There are days when investors take bad news at face value and there are days when bad news is good.
And there has been little disguising the recent bull market rally even in the face of threatening geopolitical tensions. Overnight the pair of Chinese manufacturing reports did little to change investors’ minds that the world’s number two economy is struggling to shake off a slowdown that may deliver sub-7.5% GDP in the first quarter. The HSBC manufacturing index fell to 48.0 from 48.5 in February. The official purchasing managers’ index bucked-up somewhat to 50.3 signaling a faint heartbeat for the manufacturing sector. The brace prompted investors not to sell on fears of a slowdown but to buy on account of a sense of reassurance that the government is more likely to fine-tune recovery projects. Stocks in Hong Kong and Shanghai rose as a result.
Likewise in Japan investors sold the Japanese yen and pushed up the Nikkei 225 index. The chart below shows the struggle facing investors in the first quarter of the year as stocks slid and then again tested the lows after a half-hearted rally. And as the investing community discounts the reality of an imminent increase in the consumption tax, it appears that they are similarly prepared to assume more stimulus from the Bank of Japan as it too contends that the momentum may at least temporarily falter. Consumers spent more in advance of the imposition of the sales tax to benefit from lower prices and are expected to stay at home once it comes into play.
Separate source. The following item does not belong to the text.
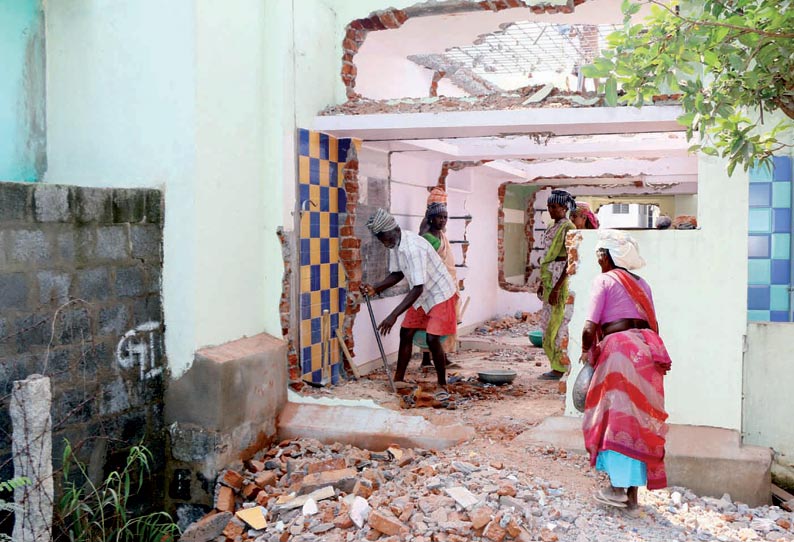 சேலம் பச்சப்பட்டியில் ராஜவாய்க்காலை ஆக்கிரமித்து கட்டிய 100 வீடுகள் இடிப்பு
Overnight the Tankan survey captured the mood well. The survey of 10,500 companies showed a quarterly rise of a single point in manufacturers’ mood to a six-year high. However, the outlook index declined by six points to a one-year low. The air of optimism appears to be weakening the yen, which fell to its weakest against the U.S. Dollar Index (NYBOT:DXH14) in three weeks and in turn is boosting the Nikkei 225 index.